Oggi è il lunedì più nero dell’anno. Il Blue Monday, il giorno più triste nell’arco dei 12 mesi. Si celebra il terzo lunedì di gennaio. Ma qual’è l’origine di questa giornata? Vediamola insieme.

L’origine del Blue Monday

A calcolare la data del fatidico lunedì è stato quasi per scherzo, nei primi anni 2000, Cliff Arnall, uno psicologo dell’Università di Cardiff che, tramite una complicata equazione (che prende in considerazione alcune variabili come il meteo, i sensi di colpa per i soldi spesi per i regali di Natale, il calo di motivazione dopo le Feste e la crescente necessità di darsi da fare) ha calcolato che questo è proprio il giorno più nero dell’anno.

La tristezza deriverebbe dalla combinazione di più fattori: si è stufi dell’inverno, si iniziano a sentire le conseguenze delle spese effettuate a Natale e si percepisce maggiormente la stanchezza del rientro al lavoro dopo le vacanze. Nulla di seriamente scientifico, naturalmente. Anzi, nei confronti della tristezza, psicologi e psichiatri consigliano di adottare una diversa ottica, mirata a valorizzare il singolo momento. Ricordano però che anche la malinconia è un’emozione tutto sommato da rivalutare perché può diventare momento di riflessione.

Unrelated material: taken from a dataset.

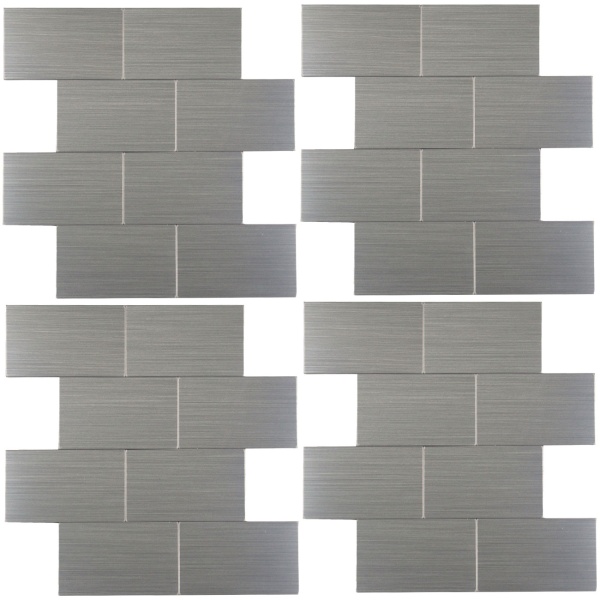 Fliesenaufkleber Selbstklebend, Chrome - 4 Stück, 25x25 cm SPC Wandfliesen Wasserfest - Fliesen Küche Bad Wand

Il presidente della Società italiana di psichiatria, Claudio Mencacci, afferma: “Anche la tristezza è un’emozione, dunque viviamola come tale“. Aggiunge che “è giusto accogliere in noi un arcobaleno di emozioni, incluse quelle negative, perché così potremo dare un corretto valore a tutte le altre“.

La teoria del giorno più triste dell’anno ha trovato parecchi detrattori sulla sua strada. Esiste un movimento, chiamato Stop Blue Monday, che la definisce anti-scientifica. Anche alcuni matematici, nel 2006, presero le distanze da questa equazione perché la ritenevano inaffidabile.

Per il giorno più felice dell’anno, invece, bisogna aspettare giugno. Gli stessi analisti hanno calcolato che l’ Happiest Day cade intorno al solstizio d’estate, fra il 21 e il 24 di giugno. Se è vero, bisogna avere ancora un po’ di pazienza.